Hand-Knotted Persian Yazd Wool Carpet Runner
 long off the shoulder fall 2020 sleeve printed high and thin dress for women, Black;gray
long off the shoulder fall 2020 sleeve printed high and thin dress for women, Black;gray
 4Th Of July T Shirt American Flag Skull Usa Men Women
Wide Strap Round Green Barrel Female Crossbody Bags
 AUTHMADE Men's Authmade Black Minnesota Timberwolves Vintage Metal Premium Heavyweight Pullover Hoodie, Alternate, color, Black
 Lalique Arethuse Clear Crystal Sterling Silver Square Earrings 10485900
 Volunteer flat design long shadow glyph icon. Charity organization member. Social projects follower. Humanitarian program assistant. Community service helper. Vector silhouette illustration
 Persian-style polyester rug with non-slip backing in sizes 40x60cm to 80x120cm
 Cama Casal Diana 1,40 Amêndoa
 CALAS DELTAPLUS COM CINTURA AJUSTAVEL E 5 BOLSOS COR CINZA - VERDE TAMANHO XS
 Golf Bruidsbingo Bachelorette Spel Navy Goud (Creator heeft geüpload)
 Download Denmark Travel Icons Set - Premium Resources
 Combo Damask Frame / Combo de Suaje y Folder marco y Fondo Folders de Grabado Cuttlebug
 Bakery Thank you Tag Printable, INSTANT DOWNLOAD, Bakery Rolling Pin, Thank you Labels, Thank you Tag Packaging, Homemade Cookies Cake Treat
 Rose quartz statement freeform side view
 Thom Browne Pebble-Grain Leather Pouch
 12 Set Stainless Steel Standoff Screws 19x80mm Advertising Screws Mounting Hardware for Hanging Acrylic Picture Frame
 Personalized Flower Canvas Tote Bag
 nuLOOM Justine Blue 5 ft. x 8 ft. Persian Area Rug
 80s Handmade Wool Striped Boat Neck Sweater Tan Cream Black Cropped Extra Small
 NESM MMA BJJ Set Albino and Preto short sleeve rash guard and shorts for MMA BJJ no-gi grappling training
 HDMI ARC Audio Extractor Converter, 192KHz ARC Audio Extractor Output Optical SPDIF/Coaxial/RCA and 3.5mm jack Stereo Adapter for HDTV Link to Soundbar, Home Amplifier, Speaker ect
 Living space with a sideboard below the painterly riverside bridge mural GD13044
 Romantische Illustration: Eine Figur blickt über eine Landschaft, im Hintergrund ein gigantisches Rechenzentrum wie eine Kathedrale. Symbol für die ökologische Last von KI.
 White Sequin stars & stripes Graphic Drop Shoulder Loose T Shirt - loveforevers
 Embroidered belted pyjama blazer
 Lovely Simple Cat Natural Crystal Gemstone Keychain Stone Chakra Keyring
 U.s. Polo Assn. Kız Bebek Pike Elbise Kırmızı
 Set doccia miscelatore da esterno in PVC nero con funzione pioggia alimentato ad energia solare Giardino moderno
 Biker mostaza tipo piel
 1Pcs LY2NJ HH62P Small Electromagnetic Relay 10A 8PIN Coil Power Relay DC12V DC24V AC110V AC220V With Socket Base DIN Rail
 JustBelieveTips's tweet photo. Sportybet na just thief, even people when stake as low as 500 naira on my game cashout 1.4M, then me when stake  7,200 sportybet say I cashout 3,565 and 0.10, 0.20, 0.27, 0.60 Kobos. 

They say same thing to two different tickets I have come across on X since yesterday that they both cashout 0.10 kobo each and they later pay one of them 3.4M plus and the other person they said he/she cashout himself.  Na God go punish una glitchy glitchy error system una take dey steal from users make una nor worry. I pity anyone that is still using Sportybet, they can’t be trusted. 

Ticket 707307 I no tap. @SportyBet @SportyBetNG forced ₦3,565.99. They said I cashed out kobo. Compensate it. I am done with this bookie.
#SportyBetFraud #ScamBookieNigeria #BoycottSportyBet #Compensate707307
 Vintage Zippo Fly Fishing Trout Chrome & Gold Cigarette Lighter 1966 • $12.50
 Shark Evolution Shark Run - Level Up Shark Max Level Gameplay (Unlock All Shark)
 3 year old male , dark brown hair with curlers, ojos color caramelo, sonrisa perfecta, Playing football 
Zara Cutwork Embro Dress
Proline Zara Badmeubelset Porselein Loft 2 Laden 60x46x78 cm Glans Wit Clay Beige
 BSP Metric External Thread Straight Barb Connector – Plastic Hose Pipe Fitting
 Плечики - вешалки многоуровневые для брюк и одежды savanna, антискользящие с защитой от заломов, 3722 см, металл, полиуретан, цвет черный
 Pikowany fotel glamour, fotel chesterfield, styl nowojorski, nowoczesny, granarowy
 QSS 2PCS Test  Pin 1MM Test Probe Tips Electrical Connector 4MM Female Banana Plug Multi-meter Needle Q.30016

******

- _Problem statement_
Taking the entries from their first line through the line with "Lalique Arethuse Clear", inclusive, restate each line word for word and give nothing else.

- _Answer section_
Hand-Knotted Persian Yazd Wool Carpet Runner
 long off the shoulder fall 2020 sleeve printed high and thin dress for women, Black;gray
long off the shoulder fall 2020 sleeve printed high and thin dress for women, Black;gray
 4Th Of July T Shirt American Flag Skull Usa Men Women
Wide Strap Round Green Barrel Female Crossbody Bags
 AUTHMADE Men's Authmade Black Minnesota Timberwolves Vintage Metal Premium Heavyweight Pullover Hoodie, Alternate, color, Black
 Lalique Arethuse Clear Crystal Sterling Silver Square Earrings 10485900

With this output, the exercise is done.